With this current case against anti-discrimination policies, ADF seems to have found a more receptive audience than it did with Masterpiece Cakeshop in 2018. At oral argument for 303 Creative, “the conservative justices mostly ignored the state’s interest in making sure its LGBTQ citizens are not treated as second-class citizens,” Caroline Mala Corbin, a law professor at the University of Miami, observed in December. “Instead, various justices on the right emphasized … how decent people with honorable religious beliefs might oppose same-sex marriage.”
Arguing before the court in December, ADF attorney Kristen Waggoner tried to stick to her message that Smith, her client, was “compelled” to create speech she opposed or else run afoul of the law—if she were ever actually hired to create a wedding website for a same-sex couple, of course. But even should she be hired to design such a wedding website, it doesn’t follow that her speech would be compelled in any way. The anti-discrimination act her suit challenges, the ACLU argued in its brief in the case, “does not prescribe any particular message that artists—or anyone else—must express. If it did, the ACLU would challenge the law as a content-based compulsion of speech.” That is, even if this were not just a case involving something that had not happened yet, the ADF’s basis for bringing this pre-enforcement challenge was divorced from the reality of the law.

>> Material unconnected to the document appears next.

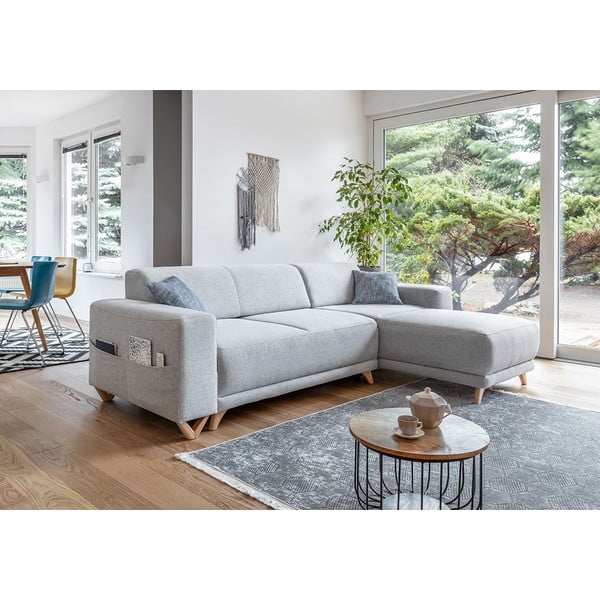 Colțar gri deschis extensibil/cu spațiu de depozitare Classy Sophie – Miuform-image-3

Still, just because there is no actual injury to the plaintiff does not mean there is nothing at stake in 303 Creative. Waggoner made a revealing comment during oral argument, when Justice Elena Kagan pressed her on what speech her client was being compelled into, should she be hired to make a website for a same-sex wedding. Was it merely “the fact that it’s Mike and Harry and there’s a picture of these two guys together?” Kagan asked. Waggoner replied in part that were you to be hired to make such a website, “you are announcing a wedding. And if you believe the wedding to be false, then the—the government would be compelling you to say something that you otherwise wouldn’t say.” If this line of argument is legitimized, it would no doubt be extended far beyond hypothetical weddings and websites, reaching the rights of all the groups that ADF seeks to curtail—anyone whose identity, partnerships, and community might be deemed “false.”

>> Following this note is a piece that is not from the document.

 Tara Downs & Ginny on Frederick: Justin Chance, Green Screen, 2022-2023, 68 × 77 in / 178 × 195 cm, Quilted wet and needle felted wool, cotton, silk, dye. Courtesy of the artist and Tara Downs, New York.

It’s a partial victory already for ADF that such a flimsy case was even taken up by the Supreme Court. Not only is Smith not being compelled to celebrate her potential clients’ marriages—chances are, no same-sex couple would even try to hire her. The publicity this case brought to 303 Creative has nearly ensured that. She need not put a statement on her website saying she won’t take same-sex couples’ wedding business; she’s been able to clearly and plainly send her message that she won’t offer them service, using the highest court in the land.